Si bien, para muchos, es la presión de las sanciones internacionales lo que ha obligado al Gobierno a aproximarse al dialogo con la oposición, la prolongada vigencia de sus efectos le ha hecho perder terreno en la opinión pública. Crecen los ecos de un lobby venezolano que se fortalece en los sectores de poder estadounidense, que, entretanto, adelanta una política de flexibilización en el sector energético. Representantes de Maduro y el Departamento de Estado se han sentado en una mesa en Doha, Qatar, para intercambiar al respecto. Ya es común escuchar a empresarios, economistas y dirigentes opositores moderados pedir su derogación definitiva.

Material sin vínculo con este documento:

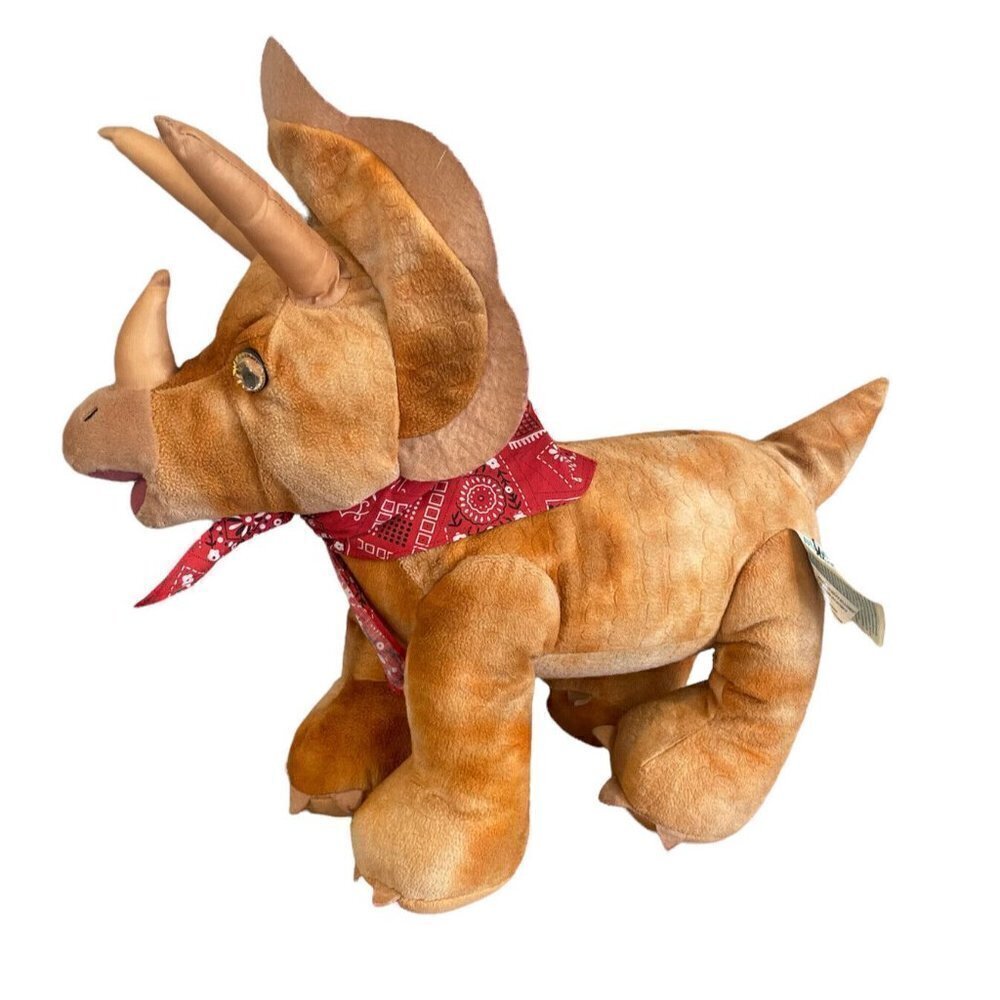 Build A Bear Triceratops Dinosaur Plush 15" Brown Stuffed Animal 2016 Toy Dino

El colapso económico y productivo de Venezuela afloró completamente en 2013, poco después de la muerte de Hugo Chávez. Estados Unidos, Canadá, la Unión Europea, y al comienzo, algunas nacionales latinoamericanas, colocaron sanciones políticas, económicas y administrativas al Gobierno de Maduro a causa de la dura represión a las manifestaciones opositoras de 2014 y 2017, que produjeron varias decenas de muertos; por impedir legislar soberanamente al parlamento que entonces controlaba la oposición; por socavar la democracia en consultas electorales amañadas, y por acusaciones a miembros de la plana dirigente revolucionaria de corrupción, lavado de dinero y violaciones a los derechos humanos que hoy son investigadas en la Corte Penal Internacional.
De acuerdo a cálculos de la firma Datanalisis, 74 por ciento de la población ya no está de acuerdo con las sanciones internacionales al país, frente a un 17 por ciento que sí lo está. Cerca del 30 por ciento de la población responsabiliza a las sanciones de la situación actual. El 76 por ciento manifiesta, en particular, su interés en que sean suprimidas las sanciones petroleras, en una nación con altas tasas de endeudamiento y salarios misérrimos. Por contrapartida, las sanciones personales a determinados funcionarios son aprobadas con un 52 por ciento.